By Adam Pagnucco.
Part One introduced this series. Part Two examined total employment. Part Three examined private employment. Part Four examined establishments. Part Five examined real total wages paid by employers. Today, let’s wrap it up.
The charts below compare us to the rest of the Washington-Arlington-Alexandria Metropolitan Statistical Area on each of the four measures mentioned above. The base year is 2001, when the U.S. Bureau of Labor Statistics’ Quarterly Census of Employment and Wages (QCEW) program, which supplies the content of our posts, began its current data series. To facilitate comparison, a base of 100 is assigned to both Montgomery County and the rest of the region so that trends are easily apparent.
That’s quite a record, yeah? These are four of the most important economic indicators for any local jurisdiction and we have been losing ground on them to the rest of the region for roughly two decades.

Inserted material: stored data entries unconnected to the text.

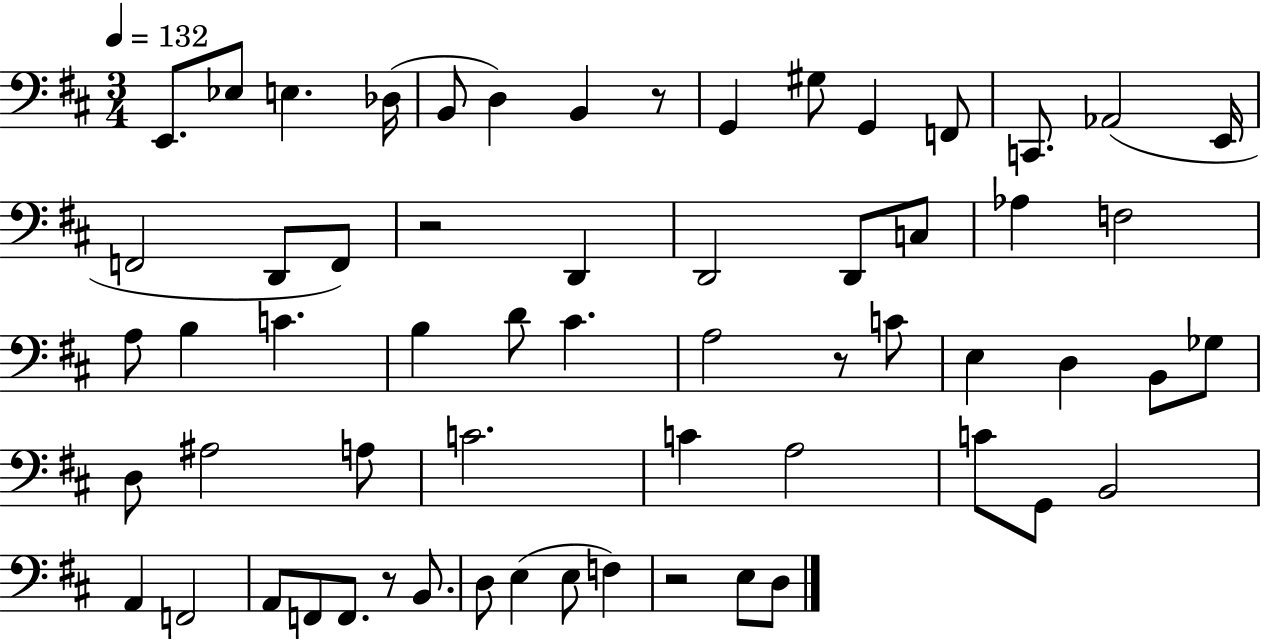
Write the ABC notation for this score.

X:1
T:Untitled
M:3/4
L:1/4
K:D
E,,/2 _E,/2 E, _D,/4 B,,/2 D, B,, z/2 G,, ^G,/2 G,, F,,/2 C,,/2 _A,,2 E,,/4 F,,2 D,,/2 F,,/2 z2 D,, D,,2 D,,/2 C,/2 _A, F,2 A,/2 B, C B, D/2 ^C A,2 z/2 C/2 E, D, B,,/2 _G,/2 D,/2 ^A,2 A,/2 C2 C A,2 C/2 G,,/2 B,,2 A,, F,,2 A,,/2 F,,/2 F,,/2 z/2 B,,/2 D,/2 E, E,/2 F, z2 E,/2 D,/2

These charts say a lot. I will add a few things.
I started writing about our local economy all the way back in 2007. At that time, our competitiveness issues were not as apparent as they are today. But resistance to development – a major issue in county politics 20 years ago – was limiting economic growth and thereby constraining our county budget. That political dynamic has since changed but our budgetary needs have not. If anything, our needs are much greater than in the antique days of old. That requires our economy to be stronger – and it’s not.
When I first started ringing alarm bells about our economic shortcomings a decade ago, most county leaders initially reacted with denial. The stats were wrong, we’re still better than Virginia on other things, it’s temporary, you’re just stirring up trouble… and so on. After many years of falling short, today’s leaders mostly avoid such rhetoric. Even County Executive Marc Elrich, who built his early political career on fighting development projects, now says he wants economic development.
But in practice, the actual reaction to our economic issues falls mostly into two categories: public relations (like touting anecdotal bright spots) and corporate welfare, on which we have been spending millions with little substantial impact. What our leaders have not sufficiently learned – or won’t learn – is that the economy needs to be a consideration in virtually all policy making. That includes legislation, regulations, budgets, taxes, fees and land use for starters. I give the county favorable marks in understanding the relationship of economic growth and land use planning, but in the other areas, the economy is usually ranked behind everything else.
I am going to say this straight out: you can’t pass laws and tax hikes that kill jobs, neglect your police department and tolerate dysfunction in MCPS’s central office and then market your way out of it. No one will believe your marketers and folks who can leave will leave, taking billions of dollars with them to Florida and Virginia.
It doesn’t have to be this way. With the right leadership, it won’t be this way. But before we get there, it’s time to admit what the stats in this series show and what we have now known for long enough.
What we are doing is not working.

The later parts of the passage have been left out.